● YOUR TASK: Set down, word for word, every line of the material below from the one containing "CHIVASSO - Moto" through the one containing "BNWT Guess Wallet - Picture 2 of 3", but none of its pictures.
---------- DATA FOR THIS EXERCISE ----------
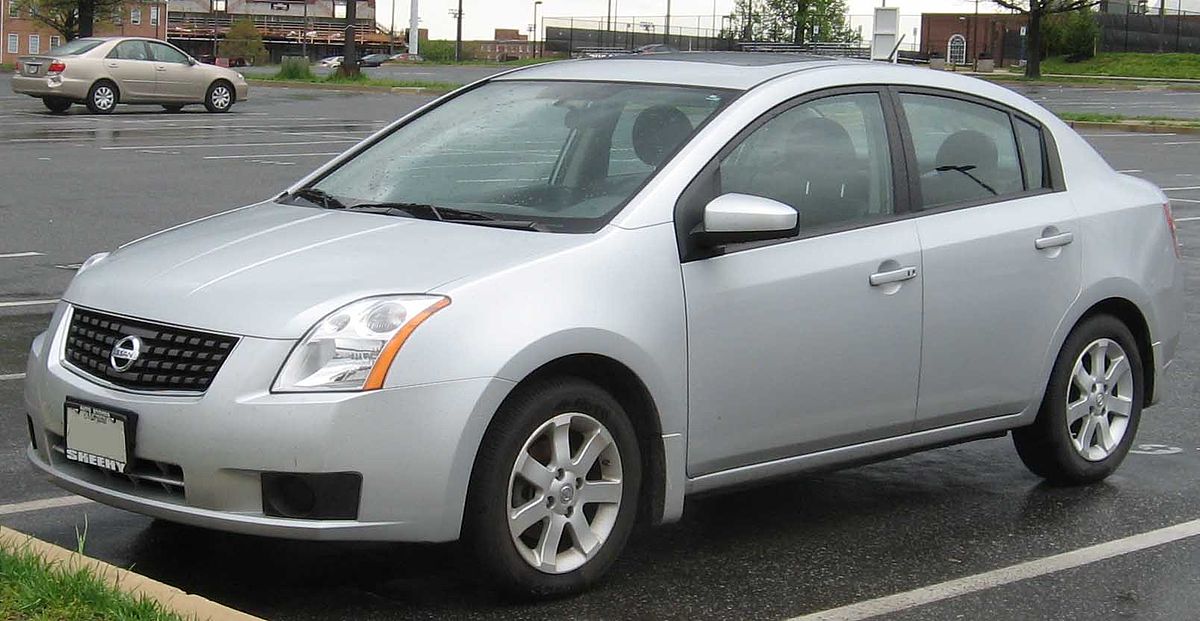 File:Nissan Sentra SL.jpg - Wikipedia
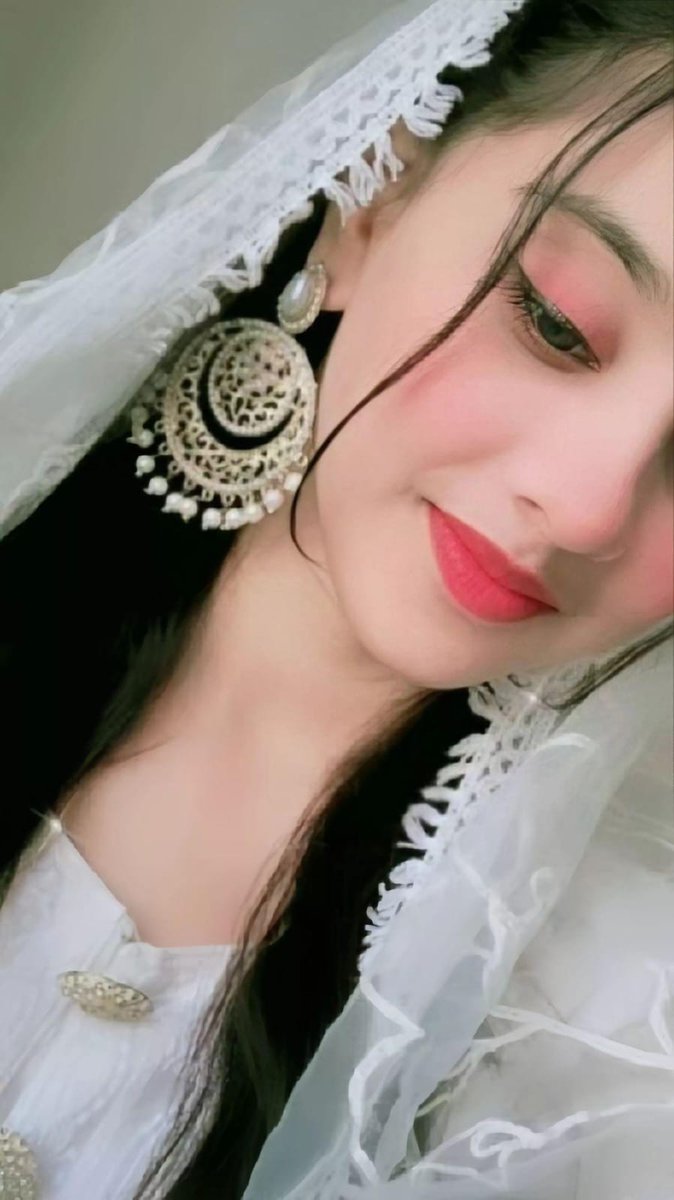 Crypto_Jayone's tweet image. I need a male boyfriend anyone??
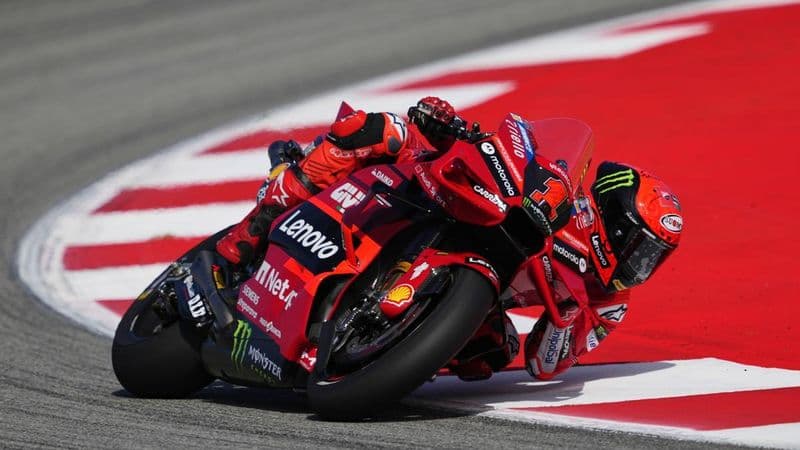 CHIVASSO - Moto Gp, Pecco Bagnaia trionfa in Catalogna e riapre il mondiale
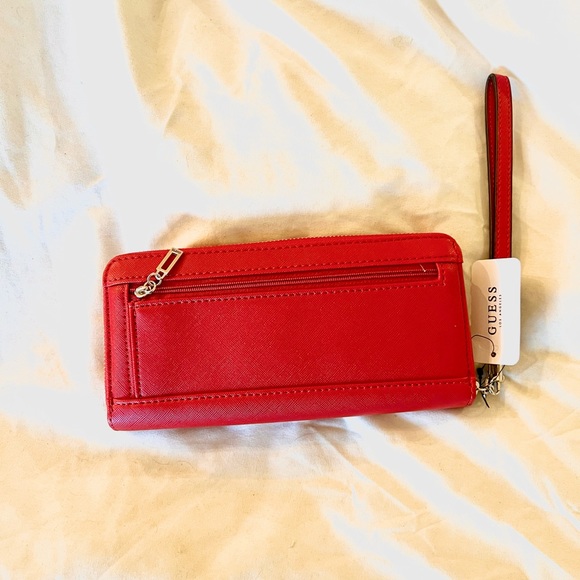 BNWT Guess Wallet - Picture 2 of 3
----------
---------- DATA FOR THIS EXERCISE ----------
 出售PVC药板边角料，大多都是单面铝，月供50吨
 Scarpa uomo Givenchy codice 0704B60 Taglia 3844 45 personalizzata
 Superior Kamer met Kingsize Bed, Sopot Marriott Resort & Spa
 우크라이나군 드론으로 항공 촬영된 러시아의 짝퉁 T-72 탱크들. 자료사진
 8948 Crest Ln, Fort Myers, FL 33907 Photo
----------
---------- DATA FOR THIS EXERCISE ----------
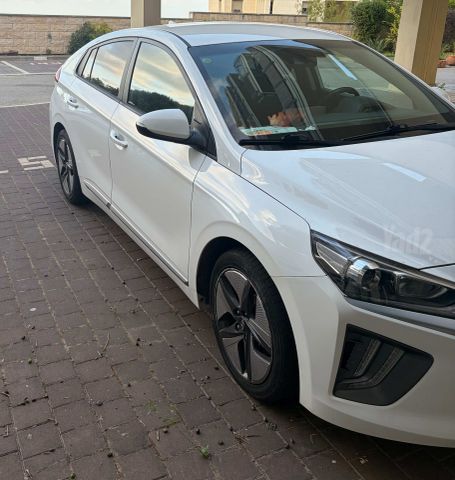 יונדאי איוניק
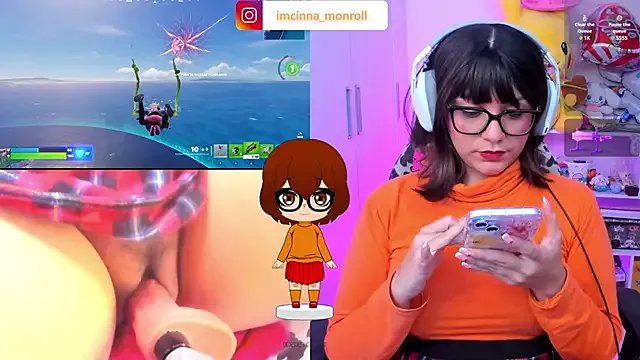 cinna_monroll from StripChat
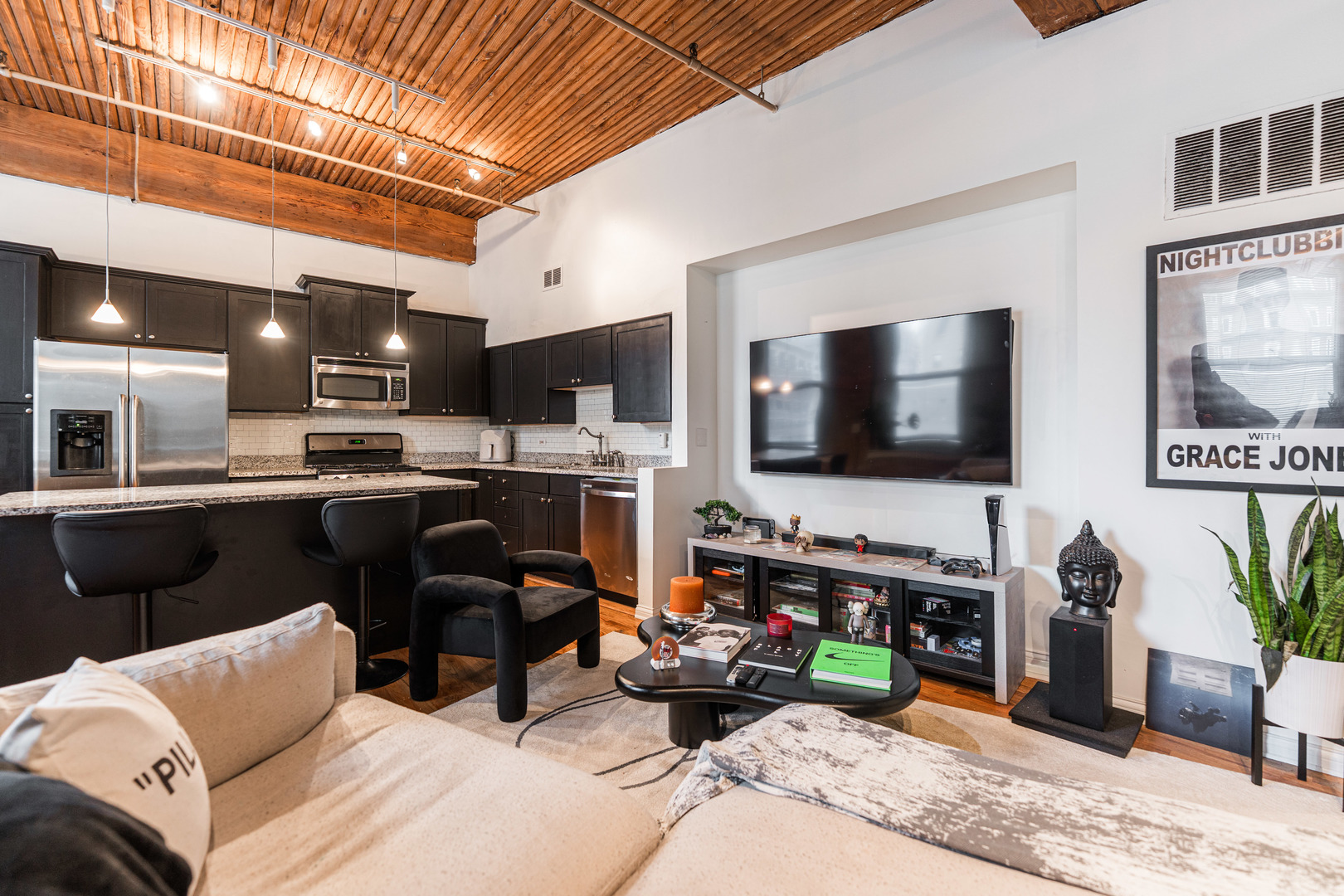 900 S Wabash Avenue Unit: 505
----------
● YOUR SOLUTION:
 CHIVASSO - Moto Gp, Pecco Bagnaia trionfa in Catalogna e riapre il mondiale
 BNWT Guess Wallet - Picture 2 of 3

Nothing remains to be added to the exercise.